How to make pickle faster?

(comments)

When I used the pickle module in python in a project to save an object, quickly, as the object began to grow bigger and bigger during the development, loading and saving became a bottleneck in my code.

import pickle
import numpy as np

a = np.ones((1000, 1000), dtype=np.float)
file = open('file.dat', 'wb')
pickle.dump(a, file)
file.close()
# Time : 2.5 s to dump
# Size : 28Mo

file = open('file.dat', 'rb')
b = pickle.load(file)
file.close()
# Time : 30 ms to load

I found 3 little tricks to speed up that a little bit :

1. Use higher protocol version

By default, pickle use the lowest protocol for serializing and writing objects in file.
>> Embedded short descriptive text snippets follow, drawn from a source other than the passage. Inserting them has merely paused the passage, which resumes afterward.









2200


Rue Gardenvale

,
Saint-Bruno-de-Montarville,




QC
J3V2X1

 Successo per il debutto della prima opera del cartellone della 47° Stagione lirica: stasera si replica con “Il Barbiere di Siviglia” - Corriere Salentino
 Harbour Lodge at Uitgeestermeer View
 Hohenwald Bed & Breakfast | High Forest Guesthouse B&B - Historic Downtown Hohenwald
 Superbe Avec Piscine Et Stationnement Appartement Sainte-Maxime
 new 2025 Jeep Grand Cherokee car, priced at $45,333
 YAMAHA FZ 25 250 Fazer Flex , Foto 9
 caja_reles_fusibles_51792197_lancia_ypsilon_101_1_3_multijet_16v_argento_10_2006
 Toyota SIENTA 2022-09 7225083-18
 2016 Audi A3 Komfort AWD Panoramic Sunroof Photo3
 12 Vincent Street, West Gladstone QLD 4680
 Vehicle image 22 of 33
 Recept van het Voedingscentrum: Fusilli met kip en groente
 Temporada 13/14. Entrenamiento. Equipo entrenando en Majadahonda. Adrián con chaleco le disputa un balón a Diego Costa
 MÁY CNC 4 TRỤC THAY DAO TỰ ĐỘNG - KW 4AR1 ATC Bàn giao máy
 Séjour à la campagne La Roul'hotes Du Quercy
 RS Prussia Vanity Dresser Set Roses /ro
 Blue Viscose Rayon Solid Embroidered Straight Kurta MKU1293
Hence, files are writed in ASCII mode which is slow and create voluminous files. To write in binary mode and use the highest protocol version available, we just have to specify the parameter protocol to -1.

file = open('file.dat', 'wb')
pickle.dump(a, file, protocol=-1)
file.close()
# Time : 24 ms to dump
# Size : 7.7Mo

file = open('file.dat', 'rb')
b = pickle.load(file)
file.close()
# Time : 1O ms to load

2. Use cPickle instead of pickle

A simple tweak to make it a little bit faster is to use cPickle instead of pickle. cPickle is exactly the same module as pickle - same functions, same parameters, same operations - but it's written in C, which permits us to gain that extra bit of speed.

import cPickle
file = open('file.dat', 'wb')
cPickle.dump(a, file, protocol=-1)
file.close()
# Time : 18 ms to dump
# Size : 7.7Mo

file = open('file.dat', 'rb')
b = cPickle.load(file)
file.close()
# Time : 10 ms to load

Here, the gain of speed is completely negligible but in certain cases, like in a deep hierarchy with objects in objects in objects, the gain can be substantial.

3. Disable the garbage collector

Finally, if we have a lot of objects with references to other objects, the garbage collector can slow down the process; disabling it can improve performance.

import cPickle
import gc

gc.disable()

file = open('file.dat', 'wb')
cPickle.dump(a, file, protocol=-1)
file.close()
# Time : 18 ms to dump
# Size : 7.7Mo

file = open('file.dat', 'rb')
b = cPickle.load(file)
file.close()

gc.enable()

Here, we haven't got any improvement because of the simplicity of our example.

If pickle/cPickle is still too slow after that, you can try other libraries like marshal or JSON, but you will lose the big advantage of being able to serialize any object wih arbitrary structure without effort.